Takeaway: visualization is often the best (and sometimes the only) way to understand a dataset.

When should you visualize?¶

When exploring data
- for me, this often looks like df.plot.*
- Goal: show you what's going on; answer questions for yourself.
When presenting data
- for me, this often looks like sns.*(...) along with a bunch of matplotlib code to fine-tune the appearance.
- Goal: show your reader what's going on; tell a story about the data, clearly and faithfully.
When providing interactive visualization tools for consumers of your data; examples:
- https://www.mountwashington.org/experience-the-weather/current-summit-conditions.aspx
- https://pudding.cool/projects/vocabulary/

What makes a good visualization?¶

This is like asking what makes a good painting - it requires a sense of aesthetics.

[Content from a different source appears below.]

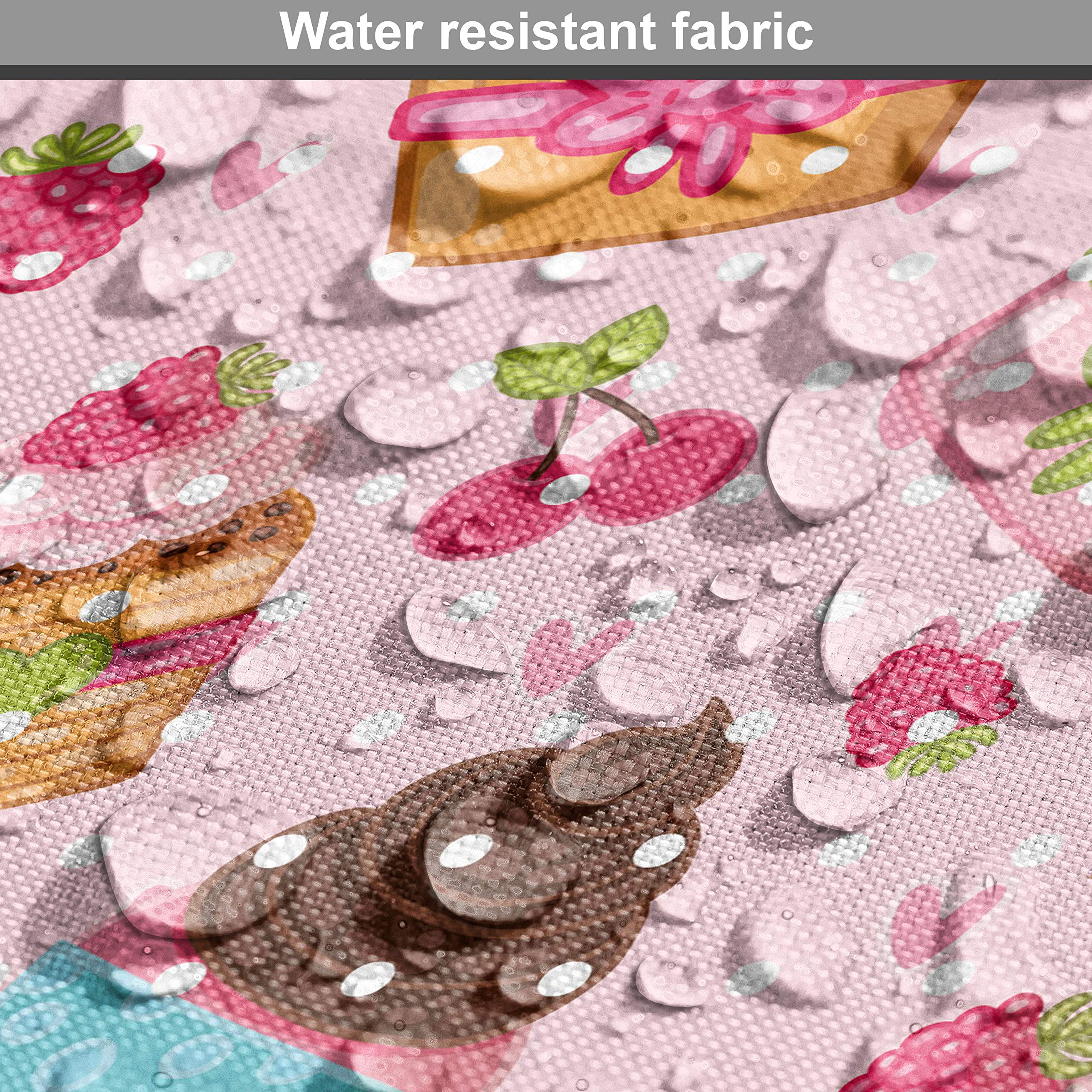 Ambesonne Pink Fabric by The Yard - Kitchen Cupcakes Muffins Strawberries & Cherries Food Print - Decorative Upholstery Fabric for Sofa, Curtains, Pillows - 10 Yards Pink Brown - Perfect for Home Decor, DIY Projects & Crafting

Some principles to live by, based on the work of visualization pioneer Edward Tufte:

Maximize data-ink ratio¶

The data-ink ratio is the amount of "ink" used to represent data divided by the total amount of "ink" in the graphic:

$$ \frac{\textrm{ink used to represent data}}{\textrm{total ink in the graphic}}$$

Minimize lie factor¶

The lie factor is the ratio between the size of the effect in your graphic and the size of the effect in the data:

$$ \frac{\textrm{size of effect in the graphic}}{\textrm{size of effect in the data}}$$

Minimize chartjunk¶

Chartjunk is loosely defined as extraneous visual elements that do not further the purpose of the graphic.

Use scales and labeling well¶

Fill the available space with data (without increasing the lie factor)
Use clear labels

Use color and shading well¶

Colors can be used to differentiate categorical or numerical values.
For numerical/continuous, use perceptually uniform colormaps.
Avoid large areas of bright colors; small areas of sharp color contrast can be powerful visual elements.

Use repetition well¶

Reuse the cognitive effort your reader puts in to understand one plot
Small multiples - many small charts of the same thing, e.g., for different categories
- Example: sns.pairplot
Multiple time series on a single set of axes

Activity: analyze a plot!

Write:

Your plot number
The names of your group members
Analysis of the plot with respect to at least three of the above principles
- Maximize data-ink ratio
- Minimize lie factor
- Minimize chartjunk
- Use scales and labeling well
- Use Color Well
- Use Repetition Well
Be prepared to share the most pertinent principle with the class in 1 minute or less.